The clay I currently use originates from the Coast Range of Northern California. It is primarily the result of decomposed basalt, sedimentary and trace amounts of metamorphic stones. As a result of its high iron, magnesium, and other organic impurities, its firing range is limited to cone 6 in its pure state. I first encountered this deposit coming from a background of using refractory, silica and alumina rich clays of the Virginia Piedmont. These clays easily withstood the intense temperature and reduction atmospheres of high temperature, extended firings. Switching to a less refractory material greatly influenced my choices in firing style. At first, I ruled out wood firing completely, as blends of this clay for a high temperature body limit the native clay content to 20%. I focused on a personally unexplored realm - cone 5 electric, taking advantage of this opportunity to pursue an interest in Japanese ‘Kohiki' / Korean 'Buncheong' ware.
Recently, I completed an experimental, mid range wood firing with this clay. Knowing that its temperature limitations were cone 6 in oxidation, I recognized that I would be not firing for melted ash surfaces. Instead, I wanted to take advantage of the clay's high iron content in the realm of a reduction cooled body of work. I took much inspiration from Japanese 'Nanban' ware, a relatively unresearched style of work produced in the southern island of Tanegashima and surrounding region. Nanban ware owes its qualities to the practices of potters in Southeast Asia, from whom the techniques and firing styles originated. As a general overview, the style of work features an iron rich clay fired to mid range temperatures in wood kilns with varying amounts of reduction and oxidation.
I first came across this style of work after speaking with several artists in Minnesota – Richard Bresnahan, and former apprentices JD Jorgenson and Samuel Johnson. Richard apprenticed with Takashi Nakazato in the Late 70s and has helped fuel an influx of techniques, views, and practices into the American ceramic spectrum via his studio and apprenticeship program in MN. After an afternoon at his studio at St.
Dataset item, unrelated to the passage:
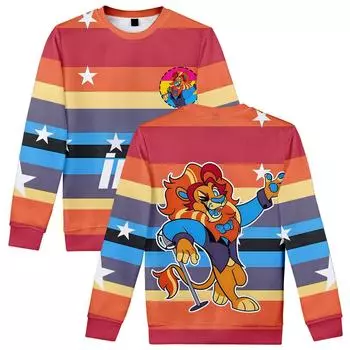 Женские и мужские толстовки с принтом Indigo Park Anime, свитшоты с круглым вырезом и капюшоном, мужские дорожные свитера, мужской топ, уличная одежда, спортивный костюм для активного отдыха XS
John's University during which he shared an abundance or technical information regarding the making and firing practices of potters in southern Japan, I felt inspired to investigate this realm of work within the context of my own place, materials, and setting.
All pieces are made from unblended clay from Comptche, CA. Many pieces were coated with a porcelain slip, using kaolin form the foothills of the Sierra Nevada Range. In addition to this white slip, I tested high iron slips made from ball milled sandstone and shale mixed with kaolin. These plastic slips display very fine crazing and crawling where thicker.
Work was bisque fired for safety of loading and handling. Pieces were nestled unglazed within one another and on shelves using rice hulls – an abundant agricultural byproduct in northern CA. Rice hulls are primarily silica, making them perfectly functional as a refractory layer between the work.
The kiln was fired slowly to cone 5 touching in the front and cone 3 bending in the back – a process that required 26 hours. During the end of the firing the back was side stoked with pine to introduce atmosphere and build temperature. At the peak of the firing I sealed all holes and reduction cooled the front to 1700 and the rear to 1650 – taking advantage of the opportunity to observe the effects of reduction in varying temperature ranges. Cooling took 4 hours.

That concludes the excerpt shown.